Note that the power prior approach also suffers from this information leakage. For a few models, we know how to set a_0 such that some “information-optimality” is satistified (see this paper).

Hi,
I am having a similar issue.
I am estimating the matrix A in a model where y = Ax + e with e an error term, and x an y given vectors (len(x)<len(y)). I have several (x;y) couples and would like to iterate the estimation on each couple using as prior of the i+1-th iteration the posterior of the i-eth iteration. If anyone has an idea I would very much appriciate.
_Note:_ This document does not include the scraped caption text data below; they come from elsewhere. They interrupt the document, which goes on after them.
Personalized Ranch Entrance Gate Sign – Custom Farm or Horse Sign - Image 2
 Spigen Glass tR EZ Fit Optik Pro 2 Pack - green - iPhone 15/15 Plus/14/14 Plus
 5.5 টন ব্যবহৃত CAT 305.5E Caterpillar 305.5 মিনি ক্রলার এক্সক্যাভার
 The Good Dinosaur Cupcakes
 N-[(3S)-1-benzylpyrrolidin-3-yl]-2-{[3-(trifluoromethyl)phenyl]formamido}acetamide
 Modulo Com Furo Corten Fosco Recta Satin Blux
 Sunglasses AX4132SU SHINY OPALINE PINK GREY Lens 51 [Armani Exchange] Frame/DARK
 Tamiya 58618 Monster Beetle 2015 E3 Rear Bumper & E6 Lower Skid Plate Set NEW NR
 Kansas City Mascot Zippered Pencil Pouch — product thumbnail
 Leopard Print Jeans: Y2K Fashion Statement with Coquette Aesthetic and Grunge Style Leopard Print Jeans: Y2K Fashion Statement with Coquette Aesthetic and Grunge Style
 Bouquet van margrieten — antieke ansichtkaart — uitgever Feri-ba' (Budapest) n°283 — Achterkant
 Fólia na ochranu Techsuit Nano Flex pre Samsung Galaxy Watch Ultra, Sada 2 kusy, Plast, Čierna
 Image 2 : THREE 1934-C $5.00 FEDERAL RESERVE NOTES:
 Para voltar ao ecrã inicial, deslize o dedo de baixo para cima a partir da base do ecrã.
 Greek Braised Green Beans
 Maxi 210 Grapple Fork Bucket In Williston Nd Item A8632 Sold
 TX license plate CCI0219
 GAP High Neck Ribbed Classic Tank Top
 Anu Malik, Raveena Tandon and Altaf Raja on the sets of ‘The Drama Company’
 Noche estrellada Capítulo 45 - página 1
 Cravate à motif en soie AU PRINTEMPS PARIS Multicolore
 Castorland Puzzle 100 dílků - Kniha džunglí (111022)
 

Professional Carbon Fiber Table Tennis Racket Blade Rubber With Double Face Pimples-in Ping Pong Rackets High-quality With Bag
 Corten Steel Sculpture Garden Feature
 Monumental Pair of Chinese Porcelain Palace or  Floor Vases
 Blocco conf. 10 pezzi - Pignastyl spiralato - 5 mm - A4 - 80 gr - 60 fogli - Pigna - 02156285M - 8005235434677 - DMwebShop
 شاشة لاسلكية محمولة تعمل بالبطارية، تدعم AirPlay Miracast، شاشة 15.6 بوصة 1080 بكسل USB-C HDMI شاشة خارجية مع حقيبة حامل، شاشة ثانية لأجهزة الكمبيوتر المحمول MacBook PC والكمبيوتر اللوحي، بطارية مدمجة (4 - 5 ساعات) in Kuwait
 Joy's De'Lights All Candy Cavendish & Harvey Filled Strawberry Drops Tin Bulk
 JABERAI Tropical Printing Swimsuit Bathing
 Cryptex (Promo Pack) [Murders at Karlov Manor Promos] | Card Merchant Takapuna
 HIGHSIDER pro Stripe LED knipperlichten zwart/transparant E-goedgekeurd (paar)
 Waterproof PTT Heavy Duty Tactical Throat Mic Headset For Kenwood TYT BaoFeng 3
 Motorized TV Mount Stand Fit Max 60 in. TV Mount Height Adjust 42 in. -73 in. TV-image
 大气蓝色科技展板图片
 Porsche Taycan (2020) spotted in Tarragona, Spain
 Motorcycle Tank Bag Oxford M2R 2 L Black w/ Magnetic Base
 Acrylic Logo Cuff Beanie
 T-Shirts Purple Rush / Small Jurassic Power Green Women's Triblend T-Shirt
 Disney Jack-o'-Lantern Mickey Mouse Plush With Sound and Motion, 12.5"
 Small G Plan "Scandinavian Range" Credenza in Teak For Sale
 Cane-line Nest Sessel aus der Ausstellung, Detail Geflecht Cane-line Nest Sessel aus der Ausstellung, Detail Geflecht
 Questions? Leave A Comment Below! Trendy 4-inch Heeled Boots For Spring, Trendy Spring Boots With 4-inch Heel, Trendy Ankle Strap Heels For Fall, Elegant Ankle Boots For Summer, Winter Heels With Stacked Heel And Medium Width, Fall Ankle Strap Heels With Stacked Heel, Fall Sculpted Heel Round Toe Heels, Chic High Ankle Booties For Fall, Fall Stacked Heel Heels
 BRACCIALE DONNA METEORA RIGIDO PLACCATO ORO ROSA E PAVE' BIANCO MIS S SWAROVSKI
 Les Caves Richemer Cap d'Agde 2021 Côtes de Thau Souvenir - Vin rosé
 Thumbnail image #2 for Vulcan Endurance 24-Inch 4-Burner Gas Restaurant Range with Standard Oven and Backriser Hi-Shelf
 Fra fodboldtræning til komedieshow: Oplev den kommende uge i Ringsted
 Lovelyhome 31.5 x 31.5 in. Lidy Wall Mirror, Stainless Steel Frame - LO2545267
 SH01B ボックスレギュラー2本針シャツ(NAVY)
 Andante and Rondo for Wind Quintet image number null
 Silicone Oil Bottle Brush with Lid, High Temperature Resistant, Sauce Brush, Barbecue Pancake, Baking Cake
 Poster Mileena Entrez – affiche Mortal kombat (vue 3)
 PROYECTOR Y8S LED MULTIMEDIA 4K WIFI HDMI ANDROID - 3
My Stan model writes as follows for the first iteration:

  data{
vector y; //NACE Rev 2 vector
vector x; //NACE Rev 1 vector
//A priori dirichlet parameters
vector c01;
vector c02;
vector c03;
vector c04;
vector c05;
vector c07;
vector c08;
vector c09;
//Likelihood parameter (the 1 left out of the estimation)
real a06;

}

parameters{
simplex a1;
simplex a2;
simplex a3;
simplex a4;
simplex a5;
simplex a7;
simplex a8;
simplex a9;

}

model{
a1~dirichlet(c01);
a2~dirichlet(c02);
a3~dirichlet(c03);
a4~dirichlet(c04);
a5~dirichlet(c05);
a7~dirichlet(c07);
a8~dirichlet(c08);
a9~dirichlet(c09);

y ~normal(a1*x,0.1);
y ~normal(a1*x+a2*x+a5*x+a8*x+a9*x,0.1);
y~normal(a3*x,0.1);
y ~normal(a1*x+a2*x+a3*x+a9*x,0.1);
y ~normal(a2*x+a8*x,0.1);
y ~normal(a5*x,0.1);
y ~normal(a1*x+a5*x+a7*x,0.1);
y ~normal(a06*x,0.1);
y ~normal(a2*x+a7*x+a8*x+a9*x,0.1);
y ~normal(a8*x,0.1);
y ~normal(a7*x+a8*x+a9*x,0.1);
y ~normal(a4*x+a7*x+a8*x+a9*x,0.1);
y ~normal(a1*x+a2*x+a5*x+a7*x+a8*x+a9*x,0.1);
}

Hi!
Just to pick this discussion up, I am trying to reproduce the power prior with ‘random’ a0 for a simple regression example. It works with the unnormalized version. I am unsure, however, how to include the normalizing constant c(a0) as mentioned by max. Currently, I am thinking along the lines of specifying the power prior as in max’s code, using the posterior distribution with the bridgesampling-package to calculate the marginal likelihood, and using this in the regression setup.

Perhaps somebody has another idea or already implemented the normalized power prior in Stan?

Any help/suggestions appreciated!

Thanks,
Chris

1 Like

Depending on the model you might be able to write c(a_0) in closed form. Otherwise, bridge sampling is a good way to go. I have.a manuscript in the works that deals with this. PM me if you are interested.

Hi max,
yes, I’d be interested! It seems I cannot send you a PM (the composer throws an error, ‘you cannot send a PM to that user’), so I reply here.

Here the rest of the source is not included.